Ben Yitzhak was, though, far more than a reclusive eccentric, and the fascination and power of his slim body of work itself lingers on. While there are numerous and varied explanations for his extremely limited yield—as well as a range of opinions concerning his development as a poet and eventual descent into total silence—few question his essential contribution to the development of modern Hebrew writing. No less a figure than Haim Nahman Bialik, the foremost Hebrew poet of his time, credited Ben Yitzhak with having given him the first taste of the new wave of Hebrew poetry and hailed him as a pioneer. Poets and readers of his own generation expressed astonishment at the nobility of Ben Yitzhak’s poetry and viewed him as a guide to matters both literary and spiritual. Major poets of subsequent generations have continued to see in him a figure of exemplary purity, perhaps the harbinger of Hebrew modernism in verse, and — his aloofness and meager output notwithstanding — a pivotal figure in the renascence of modern Hebrew literature. As Lea Goldberg put it: “He was the first Hebrew poet whose watch-hands showed not only the specific Hebrew time, but the hour it was for world literature.”

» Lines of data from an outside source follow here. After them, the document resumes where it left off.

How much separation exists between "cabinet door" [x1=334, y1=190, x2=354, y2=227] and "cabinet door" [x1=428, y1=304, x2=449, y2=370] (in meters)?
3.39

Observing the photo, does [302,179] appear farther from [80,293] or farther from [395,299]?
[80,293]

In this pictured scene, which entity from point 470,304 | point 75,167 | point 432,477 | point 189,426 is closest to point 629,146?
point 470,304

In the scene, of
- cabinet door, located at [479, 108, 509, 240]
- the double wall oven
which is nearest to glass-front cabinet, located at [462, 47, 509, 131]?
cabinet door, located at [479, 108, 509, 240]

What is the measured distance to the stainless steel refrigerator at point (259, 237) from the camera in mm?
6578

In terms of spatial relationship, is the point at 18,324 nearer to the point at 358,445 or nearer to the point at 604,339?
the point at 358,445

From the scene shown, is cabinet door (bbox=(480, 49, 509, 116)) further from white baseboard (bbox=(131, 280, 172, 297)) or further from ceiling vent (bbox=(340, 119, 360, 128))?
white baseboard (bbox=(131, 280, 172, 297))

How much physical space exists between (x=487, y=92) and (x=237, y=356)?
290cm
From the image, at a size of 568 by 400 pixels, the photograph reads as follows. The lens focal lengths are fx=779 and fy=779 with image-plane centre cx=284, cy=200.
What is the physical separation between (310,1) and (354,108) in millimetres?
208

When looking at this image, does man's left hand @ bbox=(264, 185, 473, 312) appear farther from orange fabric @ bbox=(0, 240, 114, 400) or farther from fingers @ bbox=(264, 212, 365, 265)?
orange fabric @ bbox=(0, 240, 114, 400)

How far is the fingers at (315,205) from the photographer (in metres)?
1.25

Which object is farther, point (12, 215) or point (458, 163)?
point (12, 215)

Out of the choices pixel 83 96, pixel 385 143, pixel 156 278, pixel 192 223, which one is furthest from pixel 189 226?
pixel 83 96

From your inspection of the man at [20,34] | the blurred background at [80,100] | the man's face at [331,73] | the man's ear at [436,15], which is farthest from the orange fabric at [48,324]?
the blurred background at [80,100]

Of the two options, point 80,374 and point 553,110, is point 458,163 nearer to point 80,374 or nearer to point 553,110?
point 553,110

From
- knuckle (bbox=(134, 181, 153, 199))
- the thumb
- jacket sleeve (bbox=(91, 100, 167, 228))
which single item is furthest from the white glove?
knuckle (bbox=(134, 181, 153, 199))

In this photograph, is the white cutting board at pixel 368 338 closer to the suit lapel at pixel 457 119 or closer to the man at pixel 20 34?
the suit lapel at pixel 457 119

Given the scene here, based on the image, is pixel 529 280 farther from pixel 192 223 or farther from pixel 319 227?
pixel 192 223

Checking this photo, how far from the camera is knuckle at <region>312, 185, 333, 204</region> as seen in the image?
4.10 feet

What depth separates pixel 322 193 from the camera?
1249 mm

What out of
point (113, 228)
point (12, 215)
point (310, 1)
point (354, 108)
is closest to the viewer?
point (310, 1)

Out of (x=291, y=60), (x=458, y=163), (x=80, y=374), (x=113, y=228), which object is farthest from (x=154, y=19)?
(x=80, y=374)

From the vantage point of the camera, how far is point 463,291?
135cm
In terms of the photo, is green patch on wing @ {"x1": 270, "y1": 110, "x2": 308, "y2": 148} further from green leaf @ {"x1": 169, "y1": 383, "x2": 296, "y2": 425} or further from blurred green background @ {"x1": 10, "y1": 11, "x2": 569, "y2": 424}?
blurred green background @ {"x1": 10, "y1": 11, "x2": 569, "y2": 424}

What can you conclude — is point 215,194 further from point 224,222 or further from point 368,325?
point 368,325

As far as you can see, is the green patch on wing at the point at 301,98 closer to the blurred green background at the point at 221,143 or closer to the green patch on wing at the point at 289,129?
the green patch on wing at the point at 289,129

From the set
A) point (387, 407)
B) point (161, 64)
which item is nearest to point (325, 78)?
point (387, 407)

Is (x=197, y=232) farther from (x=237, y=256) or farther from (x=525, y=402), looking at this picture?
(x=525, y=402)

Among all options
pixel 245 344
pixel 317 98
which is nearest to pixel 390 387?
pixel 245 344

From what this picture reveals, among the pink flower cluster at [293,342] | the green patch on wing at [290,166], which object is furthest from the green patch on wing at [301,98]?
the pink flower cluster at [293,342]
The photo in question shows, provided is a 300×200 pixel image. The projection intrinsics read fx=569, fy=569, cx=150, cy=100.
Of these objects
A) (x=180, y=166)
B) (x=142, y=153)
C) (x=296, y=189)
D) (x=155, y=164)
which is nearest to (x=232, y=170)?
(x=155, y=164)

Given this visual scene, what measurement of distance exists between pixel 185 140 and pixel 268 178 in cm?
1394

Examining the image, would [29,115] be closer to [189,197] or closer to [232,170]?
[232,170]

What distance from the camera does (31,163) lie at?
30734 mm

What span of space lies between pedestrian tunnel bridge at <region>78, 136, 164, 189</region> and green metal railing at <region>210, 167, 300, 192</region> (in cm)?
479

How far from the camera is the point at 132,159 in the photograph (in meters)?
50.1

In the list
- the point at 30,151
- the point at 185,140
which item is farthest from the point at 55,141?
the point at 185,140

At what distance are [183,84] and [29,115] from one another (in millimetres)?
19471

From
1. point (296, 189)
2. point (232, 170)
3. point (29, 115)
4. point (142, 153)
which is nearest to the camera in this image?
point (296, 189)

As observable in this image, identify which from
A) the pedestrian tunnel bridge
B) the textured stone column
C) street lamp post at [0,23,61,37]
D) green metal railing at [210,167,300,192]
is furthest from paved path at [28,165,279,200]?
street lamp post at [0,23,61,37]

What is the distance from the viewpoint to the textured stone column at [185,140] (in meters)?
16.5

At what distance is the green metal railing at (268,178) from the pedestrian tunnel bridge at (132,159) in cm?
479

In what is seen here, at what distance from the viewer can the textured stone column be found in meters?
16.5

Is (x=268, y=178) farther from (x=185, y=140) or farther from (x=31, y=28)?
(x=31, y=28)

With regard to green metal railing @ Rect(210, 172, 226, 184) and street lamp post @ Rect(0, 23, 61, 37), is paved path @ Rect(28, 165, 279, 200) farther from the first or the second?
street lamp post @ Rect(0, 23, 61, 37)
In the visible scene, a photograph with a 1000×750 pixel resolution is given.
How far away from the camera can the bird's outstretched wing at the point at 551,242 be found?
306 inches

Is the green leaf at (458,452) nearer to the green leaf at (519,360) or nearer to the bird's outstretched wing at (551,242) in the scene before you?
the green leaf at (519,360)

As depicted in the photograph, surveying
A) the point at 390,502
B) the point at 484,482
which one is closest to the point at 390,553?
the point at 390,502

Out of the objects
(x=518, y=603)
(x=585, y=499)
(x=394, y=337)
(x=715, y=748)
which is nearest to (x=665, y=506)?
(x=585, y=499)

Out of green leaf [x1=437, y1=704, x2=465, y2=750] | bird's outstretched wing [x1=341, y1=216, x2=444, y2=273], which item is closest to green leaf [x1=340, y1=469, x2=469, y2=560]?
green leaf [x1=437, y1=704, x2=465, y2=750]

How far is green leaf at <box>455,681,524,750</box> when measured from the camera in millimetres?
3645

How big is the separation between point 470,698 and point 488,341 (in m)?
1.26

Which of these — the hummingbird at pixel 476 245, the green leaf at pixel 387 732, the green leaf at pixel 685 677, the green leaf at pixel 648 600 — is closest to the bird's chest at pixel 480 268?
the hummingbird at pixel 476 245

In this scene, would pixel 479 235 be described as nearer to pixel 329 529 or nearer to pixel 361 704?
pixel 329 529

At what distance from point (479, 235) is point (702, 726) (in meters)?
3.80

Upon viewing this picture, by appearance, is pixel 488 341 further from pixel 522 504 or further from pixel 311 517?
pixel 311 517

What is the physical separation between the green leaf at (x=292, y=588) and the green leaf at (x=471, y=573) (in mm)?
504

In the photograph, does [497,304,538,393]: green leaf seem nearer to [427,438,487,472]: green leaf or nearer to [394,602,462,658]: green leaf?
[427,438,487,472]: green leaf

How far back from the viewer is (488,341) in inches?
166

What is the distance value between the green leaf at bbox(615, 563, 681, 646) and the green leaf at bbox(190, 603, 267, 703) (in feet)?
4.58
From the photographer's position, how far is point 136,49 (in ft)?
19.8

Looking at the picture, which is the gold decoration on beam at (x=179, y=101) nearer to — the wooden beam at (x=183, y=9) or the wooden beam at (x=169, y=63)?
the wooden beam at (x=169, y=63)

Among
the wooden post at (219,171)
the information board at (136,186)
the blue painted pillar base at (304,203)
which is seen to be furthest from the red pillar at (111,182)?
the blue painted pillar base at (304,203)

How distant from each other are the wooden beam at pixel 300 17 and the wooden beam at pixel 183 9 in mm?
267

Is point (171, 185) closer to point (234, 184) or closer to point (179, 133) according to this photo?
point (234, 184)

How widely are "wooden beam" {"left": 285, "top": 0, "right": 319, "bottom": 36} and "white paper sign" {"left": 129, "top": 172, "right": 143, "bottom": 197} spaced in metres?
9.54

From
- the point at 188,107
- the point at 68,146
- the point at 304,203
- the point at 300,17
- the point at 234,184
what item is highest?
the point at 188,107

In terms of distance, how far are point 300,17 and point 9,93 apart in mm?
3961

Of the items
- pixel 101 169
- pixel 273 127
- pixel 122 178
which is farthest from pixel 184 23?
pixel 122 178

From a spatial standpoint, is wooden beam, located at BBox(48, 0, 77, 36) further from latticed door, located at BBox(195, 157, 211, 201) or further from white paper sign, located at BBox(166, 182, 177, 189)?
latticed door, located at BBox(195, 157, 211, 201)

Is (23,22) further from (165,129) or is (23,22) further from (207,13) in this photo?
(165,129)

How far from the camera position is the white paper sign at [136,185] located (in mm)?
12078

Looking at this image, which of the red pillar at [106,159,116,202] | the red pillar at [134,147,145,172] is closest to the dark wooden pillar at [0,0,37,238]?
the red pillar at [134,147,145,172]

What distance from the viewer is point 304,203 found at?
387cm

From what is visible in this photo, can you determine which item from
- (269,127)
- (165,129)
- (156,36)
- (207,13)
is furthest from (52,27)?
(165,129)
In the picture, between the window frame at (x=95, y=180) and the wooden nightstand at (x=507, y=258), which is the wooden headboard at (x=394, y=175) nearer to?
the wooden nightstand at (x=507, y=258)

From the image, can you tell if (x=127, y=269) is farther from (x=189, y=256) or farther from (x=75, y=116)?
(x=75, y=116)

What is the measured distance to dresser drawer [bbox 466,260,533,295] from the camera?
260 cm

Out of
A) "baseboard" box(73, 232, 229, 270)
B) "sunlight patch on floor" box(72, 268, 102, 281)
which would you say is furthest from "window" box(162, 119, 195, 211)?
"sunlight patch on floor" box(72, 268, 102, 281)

Most of Ben Yitzhak’s poems were written before the start of World War I. His first published work, “Bright Winter” was written in 1903, when the poet was twenty, and appeared five years later in the important Odessa-based Hebrew journal HaShilo’ah. Over the course of the next four years, several other poems were printed in periodicals, and later—in 1918 and 1930—two more. That was all. Ben Yitzhak did not publish a book in his lifetime—though Bialik, among others, tried to convince him to collect his work, and in 1918 suggested that his own publishing house, Moriah, bring out a book of Ben Yitzhak’s poems, as well as a volume of his essays about Hebrew literature. For whatever reason, Ben Yitzhak declined, and several years later again rebuffed Bialik when the poet-editor served as a go-between for another publisher and attempted to have the younger poet’s work collected in book form. Indeed, as the interest in Ben Yitzhak’s poetry grew, so did his own resistance to public exposure. Years later, the editors of the leading Hebrew journal in Palestine, Turim, managed to circumvent Ben Yitzhak’s refusal to have his work published by printing thirty copies of a stenciled pamphlet, which included all twelve of his poems that had been previously published in journals (the eleven canonical poems plus “To The Sower”) and distributing it as a gift from the editors to the magazine’s contributors. In 1940, a further stencil “edition” of fifty copies was issued and given out by the Histadrut labor federation.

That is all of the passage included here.